American Sniper e le sinfonie della morte

Il primo film importante dell’anno solare appena iniziato è American Sniper di Clint Eastwood. Da più di venti anni, dai tempi della sua riflessione western Gli Spietati, la critica regolarmente ha utilizzato il termine “testamento” e “capolavoro” per ogni pellicola diretta o interpretata dal vecchio Clint in questi due decenni. L’arzillo ottantenne, che non ha ancora voglia di tirare le somme una volta per tutte, ci regala stavolta un’opera magistrale che sintetizza molte linee guida della sua visione del mondo, dell’America, del cinema e della storia.

Come il suo cinema, il protagonista della pellicola – state tranquilli questa pagina non vi rovinerà la visione del film – è una sintesi sublime di antico e di moderno. Nella guerra di nuova generazione, condotta ormai da un serrato corredo tecnologico, il tiratore scelto Chris Kyle, ragazzone texano cresciuto a caccia e rodeo, rappresenta quell’elemento umano ancora oggi necessario a condurre sul campo le operazioni belliche. Come un eroe omerico, dotato dagli Dei di una sorta di infallibilità nel tiro, si trova a maturare la propria sensibilità di fronte agli episodi della guerra che lo pongono costantemente ad operare delle scelte di fronte alla storia universale e alla sua vicenda umana personale. I dieci anni della sua guerra di Troia non sono un unico girone infernale: le sue sempre più ciniche operazioni di guerra sono diluite in quattro diverse missioni nella vecchia Babilonia, intervallate da sempre più difficili ritorni a casa in cui il ragazzone maturerà sempre di più come uomo di fronte alla famiglia e alla società.

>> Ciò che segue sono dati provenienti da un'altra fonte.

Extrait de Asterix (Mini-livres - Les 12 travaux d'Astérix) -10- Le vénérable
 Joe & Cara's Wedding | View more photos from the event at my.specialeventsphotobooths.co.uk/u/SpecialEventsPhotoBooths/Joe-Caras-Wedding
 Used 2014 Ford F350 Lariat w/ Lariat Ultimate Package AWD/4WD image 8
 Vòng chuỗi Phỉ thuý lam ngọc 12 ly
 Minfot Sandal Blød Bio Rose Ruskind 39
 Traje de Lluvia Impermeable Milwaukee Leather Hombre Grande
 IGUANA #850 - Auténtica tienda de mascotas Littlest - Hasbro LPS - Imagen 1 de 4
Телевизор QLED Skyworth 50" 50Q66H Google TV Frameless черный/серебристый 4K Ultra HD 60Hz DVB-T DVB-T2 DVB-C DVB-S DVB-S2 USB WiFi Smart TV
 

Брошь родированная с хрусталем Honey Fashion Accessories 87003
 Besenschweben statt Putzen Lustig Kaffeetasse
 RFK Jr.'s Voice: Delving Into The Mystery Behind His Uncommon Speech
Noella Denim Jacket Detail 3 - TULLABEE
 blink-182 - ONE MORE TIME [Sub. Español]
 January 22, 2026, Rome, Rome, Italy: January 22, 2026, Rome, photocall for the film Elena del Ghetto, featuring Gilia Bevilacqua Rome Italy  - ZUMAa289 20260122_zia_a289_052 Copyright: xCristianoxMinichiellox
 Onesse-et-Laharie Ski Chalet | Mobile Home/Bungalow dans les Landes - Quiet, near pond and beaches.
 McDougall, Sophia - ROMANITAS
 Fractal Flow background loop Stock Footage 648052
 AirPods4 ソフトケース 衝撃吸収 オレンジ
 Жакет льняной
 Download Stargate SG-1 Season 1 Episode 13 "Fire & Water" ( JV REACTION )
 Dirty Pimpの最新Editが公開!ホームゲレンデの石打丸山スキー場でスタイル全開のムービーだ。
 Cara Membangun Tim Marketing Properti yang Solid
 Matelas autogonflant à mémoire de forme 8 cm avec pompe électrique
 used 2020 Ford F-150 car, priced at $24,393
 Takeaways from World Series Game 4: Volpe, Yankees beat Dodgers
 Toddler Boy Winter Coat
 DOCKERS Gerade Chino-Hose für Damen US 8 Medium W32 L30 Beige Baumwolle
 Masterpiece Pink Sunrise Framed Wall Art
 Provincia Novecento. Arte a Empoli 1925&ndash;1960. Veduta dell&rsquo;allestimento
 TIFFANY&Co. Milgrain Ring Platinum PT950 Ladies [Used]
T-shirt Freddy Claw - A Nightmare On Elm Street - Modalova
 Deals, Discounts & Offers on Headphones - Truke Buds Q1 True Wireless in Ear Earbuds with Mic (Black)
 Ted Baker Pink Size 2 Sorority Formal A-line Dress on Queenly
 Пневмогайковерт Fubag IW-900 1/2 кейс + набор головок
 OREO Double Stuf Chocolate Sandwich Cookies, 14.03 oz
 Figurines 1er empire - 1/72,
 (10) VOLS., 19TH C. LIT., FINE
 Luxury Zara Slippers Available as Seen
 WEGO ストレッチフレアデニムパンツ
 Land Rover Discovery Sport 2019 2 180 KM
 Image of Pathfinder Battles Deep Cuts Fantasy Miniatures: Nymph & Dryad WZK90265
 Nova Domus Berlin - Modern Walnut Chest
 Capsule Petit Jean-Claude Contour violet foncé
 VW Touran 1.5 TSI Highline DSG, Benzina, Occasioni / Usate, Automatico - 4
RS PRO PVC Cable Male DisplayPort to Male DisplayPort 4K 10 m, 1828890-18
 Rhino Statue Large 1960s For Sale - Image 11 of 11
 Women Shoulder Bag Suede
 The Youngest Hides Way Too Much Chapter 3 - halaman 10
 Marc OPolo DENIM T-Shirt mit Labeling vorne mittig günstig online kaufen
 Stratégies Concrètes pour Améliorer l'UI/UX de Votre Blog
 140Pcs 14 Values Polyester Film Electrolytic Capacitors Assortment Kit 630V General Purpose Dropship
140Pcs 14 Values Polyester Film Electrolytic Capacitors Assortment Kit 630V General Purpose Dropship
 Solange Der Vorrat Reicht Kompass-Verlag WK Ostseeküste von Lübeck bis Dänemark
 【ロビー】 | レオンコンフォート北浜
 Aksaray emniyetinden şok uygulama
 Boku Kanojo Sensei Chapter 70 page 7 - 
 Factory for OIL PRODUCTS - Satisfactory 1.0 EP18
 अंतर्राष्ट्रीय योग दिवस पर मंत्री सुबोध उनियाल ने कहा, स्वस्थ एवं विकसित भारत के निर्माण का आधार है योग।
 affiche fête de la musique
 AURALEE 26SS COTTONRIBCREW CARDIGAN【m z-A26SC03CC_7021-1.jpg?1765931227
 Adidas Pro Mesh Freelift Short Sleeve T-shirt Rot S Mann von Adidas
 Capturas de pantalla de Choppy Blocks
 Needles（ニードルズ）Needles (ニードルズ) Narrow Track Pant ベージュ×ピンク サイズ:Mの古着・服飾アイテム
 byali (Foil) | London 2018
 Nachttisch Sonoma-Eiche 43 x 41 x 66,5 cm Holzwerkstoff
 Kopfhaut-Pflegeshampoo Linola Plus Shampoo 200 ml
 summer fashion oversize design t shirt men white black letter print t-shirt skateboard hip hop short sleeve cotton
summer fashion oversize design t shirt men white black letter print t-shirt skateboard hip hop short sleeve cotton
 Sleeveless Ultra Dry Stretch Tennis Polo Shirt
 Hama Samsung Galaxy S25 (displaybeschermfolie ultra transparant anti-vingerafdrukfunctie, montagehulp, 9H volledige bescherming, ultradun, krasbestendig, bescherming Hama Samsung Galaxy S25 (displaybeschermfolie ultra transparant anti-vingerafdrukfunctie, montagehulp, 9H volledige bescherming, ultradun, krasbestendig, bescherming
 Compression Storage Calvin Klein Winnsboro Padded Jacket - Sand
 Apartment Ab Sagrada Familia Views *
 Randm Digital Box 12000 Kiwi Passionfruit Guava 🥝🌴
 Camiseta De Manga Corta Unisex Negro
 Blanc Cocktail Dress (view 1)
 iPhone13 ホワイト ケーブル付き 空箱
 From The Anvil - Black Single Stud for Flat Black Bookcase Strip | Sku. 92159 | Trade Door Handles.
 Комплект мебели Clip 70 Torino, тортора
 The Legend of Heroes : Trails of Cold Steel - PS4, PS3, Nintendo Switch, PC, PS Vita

Quattro sono le missioni di Chris Kyle sul campo di battaglia in Iraq, non a caso scandite nel racconto come i tempi di una sinfonia. Una partitura in cui da orchestrale di fila il nostro eroe emerge sempre di più come primo violino, lo strumentista principe che grazie alle sue sublimi doti negli assoli si impone come il riferimento per tutta l’orchestra nel corso dell’esecuzione. 

Il personaggio realmente esistito di Chrys Kyle rappresenta la rilettura contemporanea di almeno due figure centrali dell’immaginario western.

Il primo riferimento, più sottile, è lo sceriffo Wyatt Earp, protagonista di molte trasposizioni della mitica sfida dell’Ok Corral, che molti ricorderanno nella sua caratterizzazione più celebre interpretato da Henry Fonda in Sfida Infernaledi John Ford. Lo ritroviamo nella sua sensibilità verso i deboli e nei rapporti sociali contrastati dal suo dover essere personaggio pubblico.

Il riferimento classico principale, amplificato anche dallo scenario texano della vicenda, lo ritroviamo invece nel mito di David Crockett, il miglior tiratore del West immolatosi ad Alamo come Leonida alle Termopili durante l’assedio messicano di S. Antonio. Il David Crockett più celebre dello schermo non a caso è stato interpretato da John Wayne in un western crepuscolare, che vedeva lo stesso attore anche nella veste di regista: La battaglia di Alamodel 1960. 

Come John Wayne nel ruolo di Crockett, anche Bradley Cooper nel ruolo di Kyle incarna una tipologia di eroe che, riconoscendo le proprie straordinarie capacità balistiche, non può non mettersi a servizio del suo paese e dei suoi valori. Solo così quelle doti lo portano ad essere considerato una sorta di semidio. Personaggi entrambi caratterizzati sullo schermo non solo attraverso le proprie virtù, ma anche tipizzati nelle complesse sfaccettature di una personalità divisa e martoriata. Non a caso quando Cooper si rivolge alla moglie, una Sienna Miller intensa e fugace nella sua femminilità, potrebbe benissimo citare il celebre monologo con cui si presenta il personaggio di Crockett all’avamposto di Alamo nel film di Wayne. 

Una riflessione sulla Repubblica che, partendo dalla grandezza di Roma, sembra quasi accompagnare le riflessioni di Catone, di Tito Livio, di Machiavelli e Mazzini alla più pura ideologia del partito di Lincoln, di John Wayne e di Clint Eastwood. Un senso civile che quindi trascende American Sniper e che stavolta ci accompagna in vero dalla prima sequenza all’ultimo fotogramma.

Andando al cinema non dobbiamo però sottovalutare neppure la famosa frase di George Santayana che molti attribuiscono erroneamente a Platone. Soltanto i morti hanno visto la fine della guerra.